France

Guerre en Ukraine : En multipliant les déplacements, Volodymyr Zelensky « mène tout de front », de l’Otan à la CPI

Les ailes de son avion sous le tapis du vent, Volodymyr Zelensky voyage, voyage. Après un triptyque Londres-Paris-Bruxelles en février, le président ukrainien s’est rendu en Finlande hier avant de décoller direction La Haye. Un autre déplacement, à Berlin la semaine prochaine, serait planifié. Bien loin d’une année 2022 lors de laquelle l’ancien acteur avait attendu dix mois de guerre avant de se rendre à Washington sous bonne garde.

Le timing de son déplacement, alors que les troupes ukrainiennes attendent le feu vert pour lancer une contre-offensive, ne manque pas d’interroger.

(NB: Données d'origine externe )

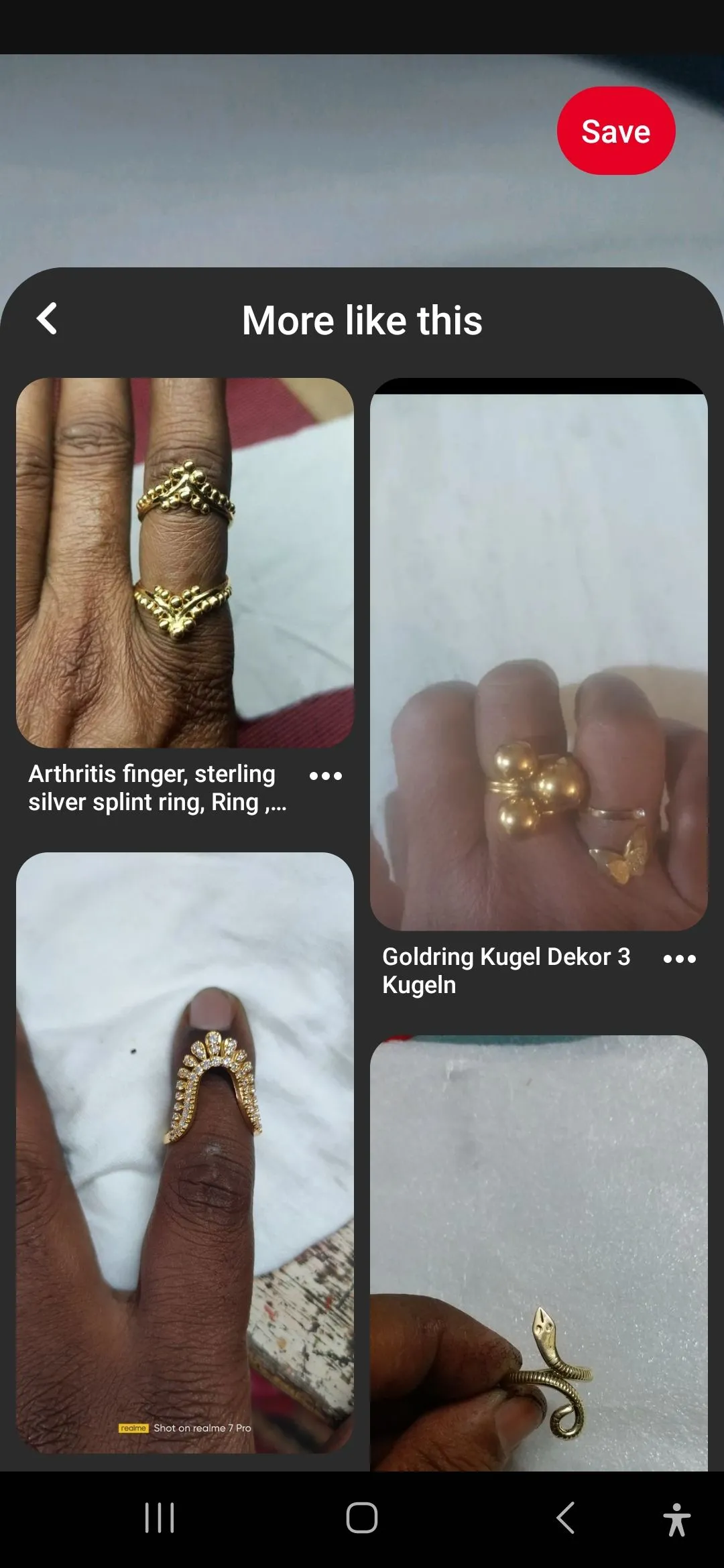 Kết quả tìm kiếm bằng hình ảnh trên ứng dụng Pinterest di động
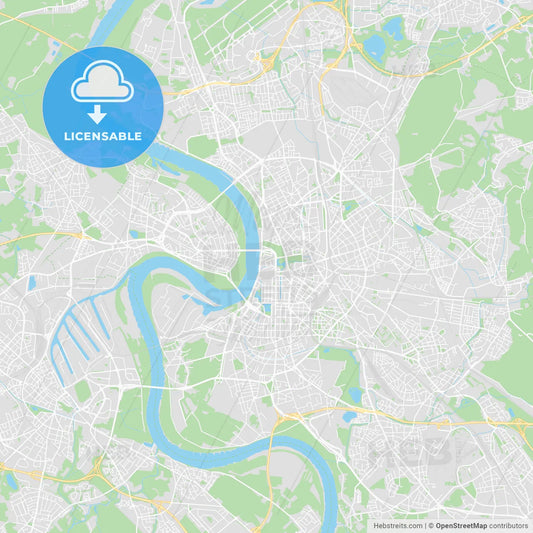 Dusseldorf, Germany printable street map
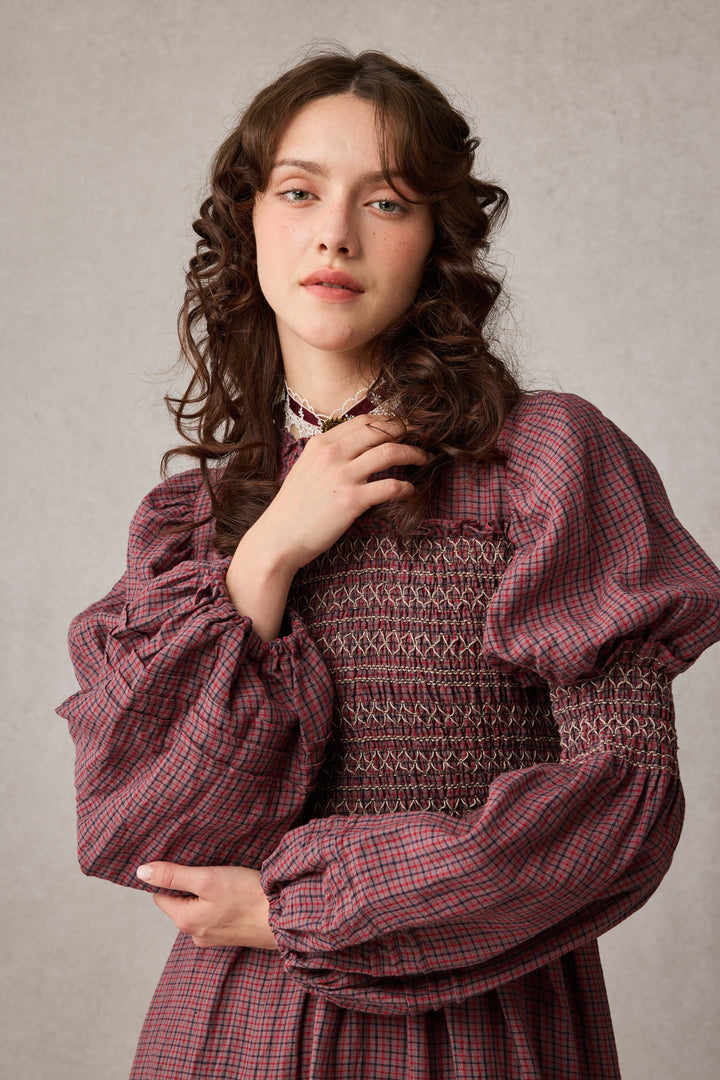 Jane 33 |Edward Smocking Linen Dress Chemise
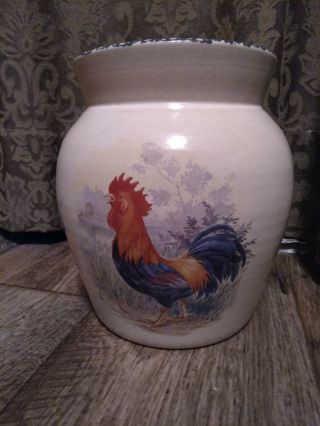 1999 Home And Garden Party 8 " Rooster Canister With Lid.  Made In Usa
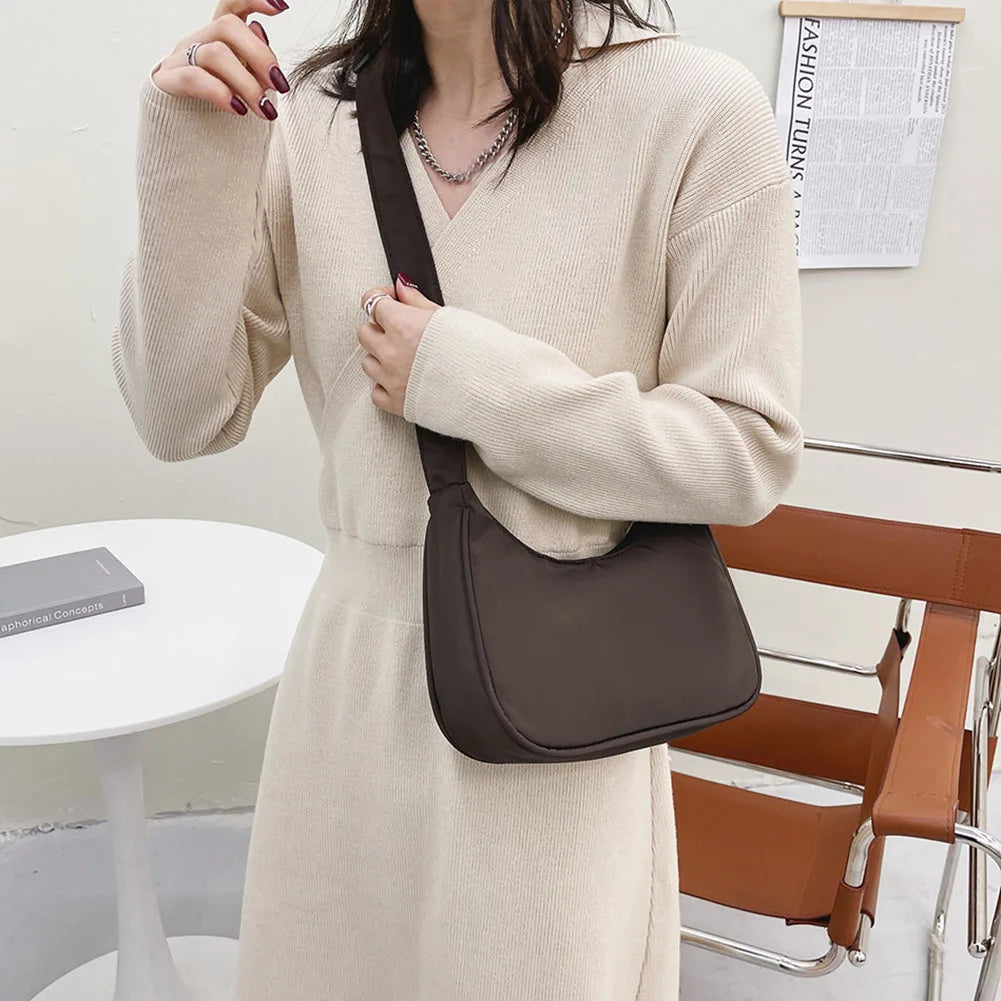 Nylon Shoulder Bag Crescent Shape Underarm Messenger Daily Clutch Tote Bag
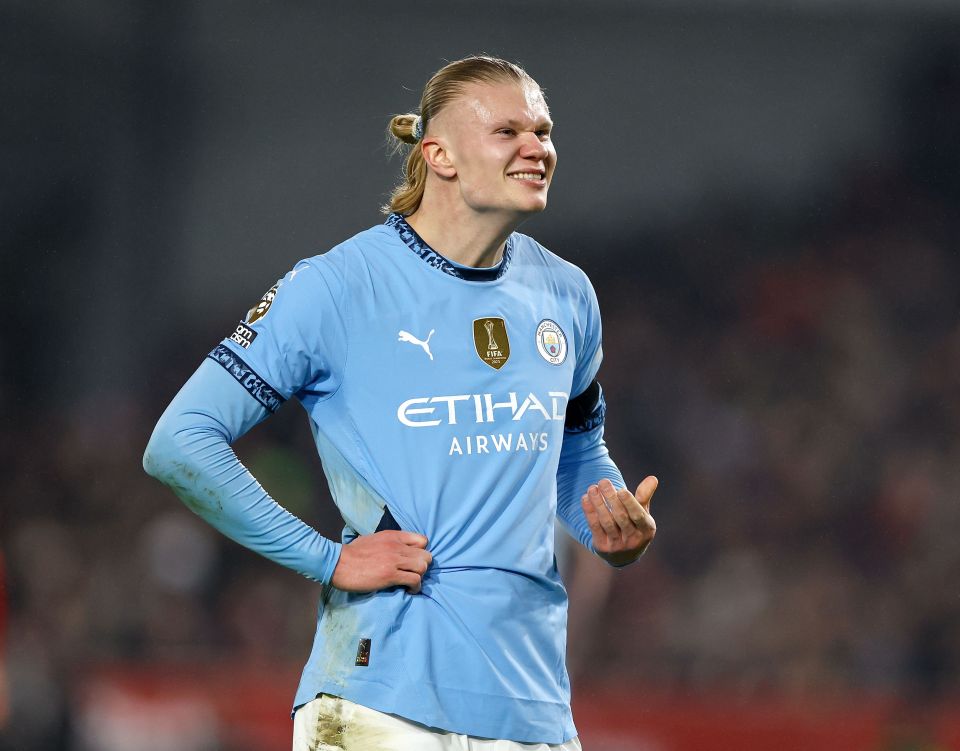 Erling Haaland of Manchester City during a Premier League match.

Pourquoi Volodymyr Zelensky se met-il à multiplier les visites chez ses alliés ? Quel est son agenda diplomatique ? Faut-il y voir l’entrée dans une nouvelle phase du conflit, avec un président ukrainien moins chef de guerre au quotidien ? Alexandra Goujon*, maîtresse de conférences en science politique à l’Université de Bourgogne, a répondu aux questions de 20 Minutes.

Pourquoi Volodymyr Zelensky se met-il à voyager chez ses alliés ?

Avant d’aller à Washington, Volodymyr Zelensky avait passé plus de dix mois sans sortir du territoire ukrainien. Et si, depuis, ses déplacements sont « assez importants » pour un président en guerre, selon Alexandra Goujon, l’année 2022 a en fait plutôt marqué une parenthèse dans son exercice de la diplomatie. « Il s’était beaucoup déplacé en 2021 », souligne la spécialiste de l’Ukraine, « il savait à quel point l’aide internationale est importante » alors que les tensions se renforçaient avec la Russie. A l’époque, le président ukrainien était bien connu, et ses déplacements passaient inaperçus dans la presse internationale.

Mais l’ancien acteur a « toujours eu une diplomatie active », « tous azimuts ». Ces déplacements chez ses alliés correspondent même « à ce qu’il faisait lors de ses interventions à distance », estime la chercheuse, quand Zelensky multipliait les visioconférences. Avec le même objectif, en montant d’un cran grâce à la présence physique : « éviter une lassitude des alliés, l’installation d’une « fatigue ukrainienne » » et « entretenir la coalition pro-ukrainienne ». Les mots d’ordre restent d’ailleurs les mêmes : « remercier et continuer à demander de l’aide », indique Alexandra Goujon, tout en incluant « une forme de diversification dans ses déplacements ».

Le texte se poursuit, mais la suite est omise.